L’Ordre Libre était avant tout un lieu d’échange, d’information, et de promotion de la pensée libre. Il regorgeait d’articles faisant référence à des grands penseurs anarchistes comme Domela NIEUWENHUIS, Barthélémy DE LIGT, Francisco FERRER, Rudolf ROCKER, Victor CONSIDERANT (le disciple de FOURIER), à la pensée non-violente indienne (KRISNAMURTI ou GANDHI) ainsi qu’à l’individualisme de NIETZSCHE et STIRNER. Notons que l’on retrouvait souvent traités les mêmes thèmes et les mêmes personnalités que dans la revue Pensée et Action ou, plus tard, dans Les Cahiers de Pensée et Action, ainsi que dans la bibliothèque personnelle, aujourd’hui éparpillée mais principalement conservée à la Bibliothèque Royale, de Hem DAY, grand admirateur de ces penseurs.

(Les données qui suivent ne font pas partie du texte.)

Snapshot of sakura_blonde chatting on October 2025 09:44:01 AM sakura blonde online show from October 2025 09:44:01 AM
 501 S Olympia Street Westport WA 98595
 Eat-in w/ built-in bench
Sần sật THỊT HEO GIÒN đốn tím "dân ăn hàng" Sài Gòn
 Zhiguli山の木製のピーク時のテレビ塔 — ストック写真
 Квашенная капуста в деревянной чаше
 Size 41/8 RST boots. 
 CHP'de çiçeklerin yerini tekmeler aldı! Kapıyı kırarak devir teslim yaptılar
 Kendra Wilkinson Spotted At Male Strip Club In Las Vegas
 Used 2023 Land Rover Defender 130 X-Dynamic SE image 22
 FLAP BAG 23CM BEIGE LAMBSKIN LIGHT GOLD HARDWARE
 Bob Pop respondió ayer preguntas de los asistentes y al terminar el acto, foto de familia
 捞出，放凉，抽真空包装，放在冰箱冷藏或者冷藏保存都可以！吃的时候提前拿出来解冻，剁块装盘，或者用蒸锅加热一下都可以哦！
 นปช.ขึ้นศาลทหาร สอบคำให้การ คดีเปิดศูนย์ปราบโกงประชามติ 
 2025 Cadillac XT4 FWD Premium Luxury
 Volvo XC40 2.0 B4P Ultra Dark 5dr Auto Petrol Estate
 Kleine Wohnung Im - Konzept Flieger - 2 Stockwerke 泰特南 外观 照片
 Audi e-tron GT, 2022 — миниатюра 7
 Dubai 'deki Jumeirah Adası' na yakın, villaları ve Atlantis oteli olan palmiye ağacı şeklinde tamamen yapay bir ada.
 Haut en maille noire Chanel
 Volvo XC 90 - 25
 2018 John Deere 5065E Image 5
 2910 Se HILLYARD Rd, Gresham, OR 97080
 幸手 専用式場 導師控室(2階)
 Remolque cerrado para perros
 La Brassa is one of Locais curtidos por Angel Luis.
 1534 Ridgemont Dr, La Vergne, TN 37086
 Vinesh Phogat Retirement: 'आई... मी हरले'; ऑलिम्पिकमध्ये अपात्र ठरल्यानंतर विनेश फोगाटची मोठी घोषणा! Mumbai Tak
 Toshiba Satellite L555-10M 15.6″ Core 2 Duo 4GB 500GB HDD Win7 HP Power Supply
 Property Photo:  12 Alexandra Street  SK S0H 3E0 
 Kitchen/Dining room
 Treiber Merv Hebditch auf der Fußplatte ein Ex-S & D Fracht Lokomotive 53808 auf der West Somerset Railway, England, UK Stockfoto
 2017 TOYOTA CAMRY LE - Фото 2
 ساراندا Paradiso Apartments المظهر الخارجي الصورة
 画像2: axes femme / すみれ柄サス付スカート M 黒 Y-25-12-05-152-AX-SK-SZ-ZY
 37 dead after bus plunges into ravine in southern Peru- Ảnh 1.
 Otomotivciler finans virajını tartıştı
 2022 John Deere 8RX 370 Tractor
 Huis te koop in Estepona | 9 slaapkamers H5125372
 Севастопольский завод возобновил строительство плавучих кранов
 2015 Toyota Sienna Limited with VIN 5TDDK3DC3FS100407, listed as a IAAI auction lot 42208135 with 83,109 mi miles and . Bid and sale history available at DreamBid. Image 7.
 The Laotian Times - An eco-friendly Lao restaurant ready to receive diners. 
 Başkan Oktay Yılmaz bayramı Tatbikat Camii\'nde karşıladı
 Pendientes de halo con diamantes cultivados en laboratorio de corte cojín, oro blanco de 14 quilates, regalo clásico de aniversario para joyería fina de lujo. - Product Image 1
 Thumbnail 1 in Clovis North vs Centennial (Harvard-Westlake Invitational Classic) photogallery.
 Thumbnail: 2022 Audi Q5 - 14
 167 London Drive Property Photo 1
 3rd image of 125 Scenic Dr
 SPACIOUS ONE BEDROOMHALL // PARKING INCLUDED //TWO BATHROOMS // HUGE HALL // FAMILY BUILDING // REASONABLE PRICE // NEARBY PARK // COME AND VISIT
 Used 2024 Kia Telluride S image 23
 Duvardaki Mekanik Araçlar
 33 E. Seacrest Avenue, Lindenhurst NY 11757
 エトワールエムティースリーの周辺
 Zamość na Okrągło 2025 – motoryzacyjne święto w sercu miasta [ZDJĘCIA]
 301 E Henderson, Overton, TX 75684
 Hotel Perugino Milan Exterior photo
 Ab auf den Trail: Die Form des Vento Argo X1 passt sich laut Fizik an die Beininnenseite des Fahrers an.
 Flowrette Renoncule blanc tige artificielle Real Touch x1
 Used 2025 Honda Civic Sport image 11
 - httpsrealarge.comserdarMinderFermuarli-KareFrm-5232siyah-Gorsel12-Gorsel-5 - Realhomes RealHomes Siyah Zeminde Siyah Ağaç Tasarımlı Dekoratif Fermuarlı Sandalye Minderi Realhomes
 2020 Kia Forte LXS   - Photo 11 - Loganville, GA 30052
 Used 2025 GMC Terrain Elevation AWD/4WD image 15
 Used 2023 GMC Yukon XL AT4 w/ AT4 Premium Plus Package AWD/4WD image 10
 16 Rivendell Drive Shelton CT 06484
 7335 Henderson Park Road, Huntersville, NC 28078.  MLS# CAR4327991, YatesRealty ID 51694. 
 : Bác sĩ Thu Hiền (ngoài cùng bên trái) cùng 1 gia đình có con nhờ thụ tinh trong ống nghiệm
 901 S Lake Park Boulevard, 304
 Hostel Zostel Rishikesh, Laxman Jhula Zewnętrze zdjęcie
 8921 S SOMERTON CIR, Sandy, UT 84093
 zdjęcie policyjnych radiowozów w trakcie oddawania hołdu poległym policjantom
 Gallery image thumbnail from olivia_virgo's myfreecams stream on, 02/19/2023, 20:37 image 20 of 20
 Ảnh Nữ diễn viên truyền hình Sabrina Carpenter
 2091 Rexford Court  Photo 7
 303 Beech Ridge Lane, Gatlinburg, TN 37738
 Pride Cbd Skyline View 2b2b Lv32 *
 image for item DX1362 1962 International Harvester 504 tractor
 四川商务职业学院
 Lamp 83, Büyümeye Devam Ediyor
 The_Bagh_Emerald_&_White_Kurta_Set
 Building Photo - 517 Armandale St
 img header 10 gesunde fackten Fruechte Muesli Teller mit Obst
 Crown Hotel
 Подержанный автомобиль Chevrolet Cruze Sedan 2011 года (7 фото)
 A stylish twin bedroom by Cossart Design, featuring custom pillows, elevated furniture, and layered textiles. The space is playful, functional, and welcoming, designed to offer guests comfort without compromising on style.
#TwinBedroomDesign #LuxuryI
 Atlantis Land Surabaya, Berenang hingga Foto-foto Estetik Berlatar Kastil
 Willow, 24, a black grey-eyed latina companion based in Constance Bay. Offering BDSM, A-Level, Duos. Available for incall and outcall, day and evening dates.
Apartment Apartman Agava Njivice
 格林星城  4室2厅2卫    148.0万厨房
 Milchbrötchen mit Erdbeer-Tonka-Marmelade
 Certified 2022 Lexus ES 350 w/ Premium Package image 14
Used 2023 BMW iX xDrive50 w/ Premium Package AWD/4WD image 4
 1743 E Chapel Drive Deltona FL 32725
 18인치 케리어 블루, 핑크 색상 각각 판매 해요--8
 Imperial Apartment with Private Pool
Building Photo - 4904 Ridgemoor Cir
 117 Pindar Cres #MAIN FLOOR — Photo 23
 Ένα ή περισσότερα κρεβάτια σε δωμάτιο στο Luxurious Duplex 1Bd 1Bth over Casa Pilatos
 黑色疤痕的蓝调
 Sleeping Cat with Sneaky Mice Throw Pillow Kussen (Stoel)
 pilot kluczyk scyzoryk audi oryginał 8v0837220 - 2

La revue était bien accueillie tant en Belgique qu’à l’étranger (France, Hollande, Allemagne, Angleterre, États-Unis, Uruguay ). Cela ne l’empêcha pas de connaître très tôt des problèmes financiers. L’année 1959 n’a pas amené de pertes, mais les comptes se sont soldés par un résultat nul, si bien que le cercle se trouva contraint de faire de nombreux appels aux dons pour couvrir les frais que demandait la gestion du groupe et de ses activités. Ces problèmes vont dans un premier temps être résolus par les dons, mais cette amélioration sera de courte durée. Un des principaux généreux donateurs fut E. GARCET, membre de l’I.R.G. Une fois encore, la principale cause de ces problèmes financiers était que de nombreux numéros étaient envoyés à titre publicitaire à des sympathisants potentiels ou amis. On décida de stopper cette politique, si bien qu’à partir du douzième numéro, le bulletin ne fut plus envoyé qu’aux membres en ordre de cotisation. Pour continuer néanmoins la propagande, le groupe va éditer des tracts reprenant les principales idéologies développées par le groupe, qui seront vendus à des distributeurs désireux de propager l’idéal anarchiste. En dépit de tous ces efforts, les finances ne vont pas s’améliorer. Ainsi, le bulletin devra conserver sa présentation rudimentaire pour limiter les coûts de publication, ce qui donna lieu à des plaintes de certains lecteurs. Ces remarques négatives furent peut-être l’une des causes de la suppression de la revue, qui constituait, selon son éditeur, une mauvaise façade publicitaire pour le cercle.